El coste de esto último se ha estimado en unos 1.800 millones de dólares. ¿De dónde va a sacar todo ese dinero? Espera hacerlo de nuevos impuestos a rentas altas y a grandes empresas
Si se saliera con la suya, habría que gastar cientos de miles de millones de dólares en poner a trabajar a los estadounidenses no sólo en los denominados empleos verdes, sino también en la construcción de carreteras y puentes, en la actualización del sistema eléctrico, en el tendido de cables de fibra de banda ancha y en la instalación de millones de puestos de recarga para vehículos eléctricos. Todo eso hay que pagarlo, del mismo modo que hay que pagar sus programas de subsidios permanentes a las guarderías o los programas de seguro médico ampliado. El coste de esto último se ha estimado en unos 1.800 millones de dólares. ¿De dónde va a sacar todo ese dinero? Espera hacerlo de nuevos impuestos a las rentas altas y a las grandes empresas y de tasas al carbono. Pero para llevarlo a cabo necesita la colaboración de las dos cámaras del Congreso. Los senadores y representantes quieren conservar su puesto. Difícilmente lo harán si se presentan a la reelección con alzas fiscales. Aún así, sólo con dinero no bastaría. Para materializar su plan necesitará nuevas regulaciones para forzar la transición. Los Estados, especialmente los petroleros, se resistirán como gato panza arriba porque afectaría de lleno a la estructura de la economía local.
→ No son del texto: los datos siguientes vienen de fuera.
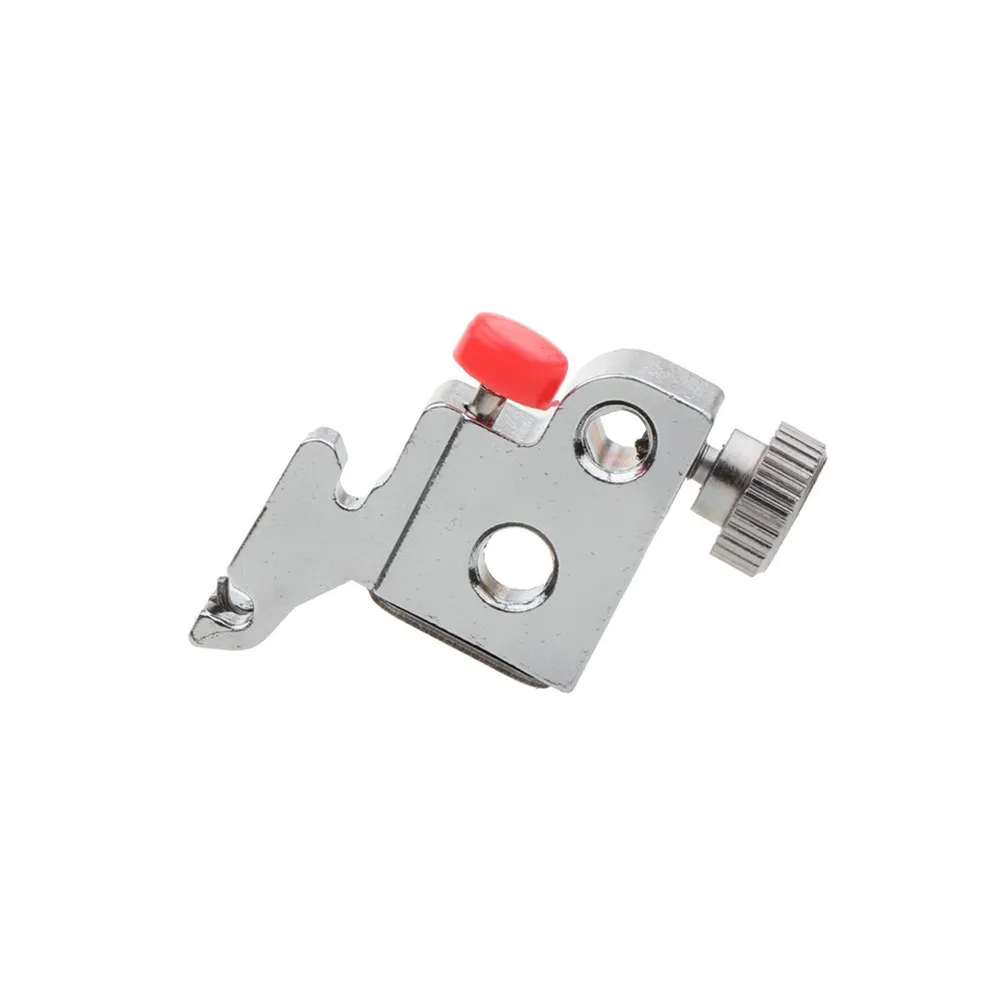 Presser Foot Holder Adapter Domestic Sewing Machine Presser Foot Quick Changer Low Shank Snap on Shank Adapter  AA7258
Abordar reformas costosas e impopulares no parece la mejor carta de presentación para las elecciones de medio término que se celebrarán dentro de año y medio, en noviembre de 2022 y en las que los republicanos podrían recobrar el control de las cámaras. En ese punto su sueño de pasar a la historia con un gran programa de reconversión nacional se esfumaría. Quizá no haya que esperar tanto. El déficit presupuestario de este año se estima que superará el 10%. La deuda pública está por encima del 100% y, aunque el coste de endeudarse es bajo hoy, podría no serlo en el futuro.
La inflación aletea amenazadora por encima de los consumidores. En marzo se fue al 2,6% interanual. De consolidarse el repunte todo el programa económico de Biden se vendría abajo porque el Congreso, alarmado por el alza en los precios, rechazaría los planes de gasto. Siempre puede ir por la vía directa mediante órdenes ejecutivas. En cien días ha firmado un total de 60, más que cualquier otro presidente desde Roosevelt. Algunas revocan órdenes previas de Trump en materia de inmigración, como la construcción de un muro en la frontera con México o la que sacaba a Estados Unidos del acuerdo de París. Otras son para apuntalar su propia agenda sin necesidad de pasar por el Congreso.
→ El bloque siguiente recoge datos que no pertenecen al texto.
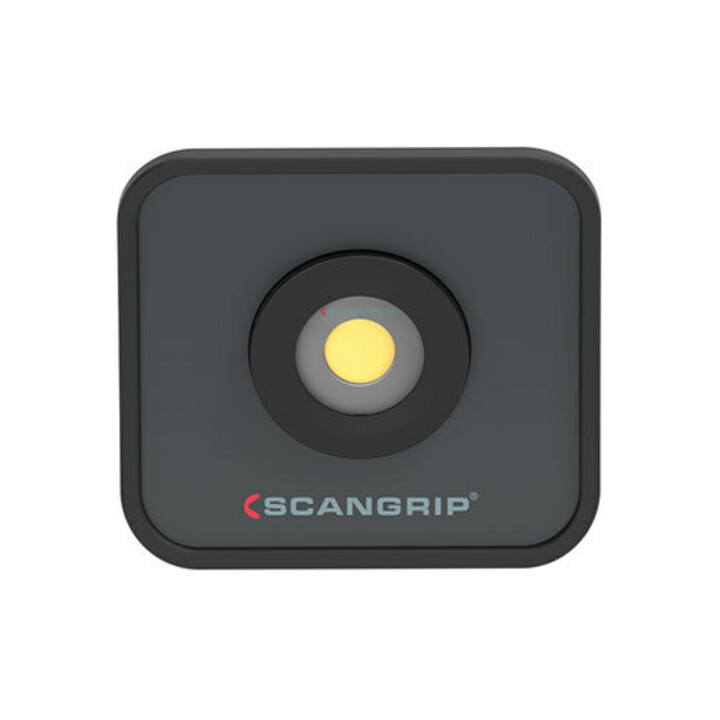 SCANGRIP Embout interchangeable Flood 750-1500 Lumens pour MULTILIGHT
Los primeros cien días de la presidencia de Joe Biden han demostrado que seguirá esa filosofía de una manera maximalista a pesar de contar con un frágil apoyo en el Congreso y en la calle. Lo que se ha propuesto, frenar el cambio climático y acabar con la injusticia racial, seguramente sean empresas que no estén a su alcance, pero sobre las que volcará toneladas de dinero.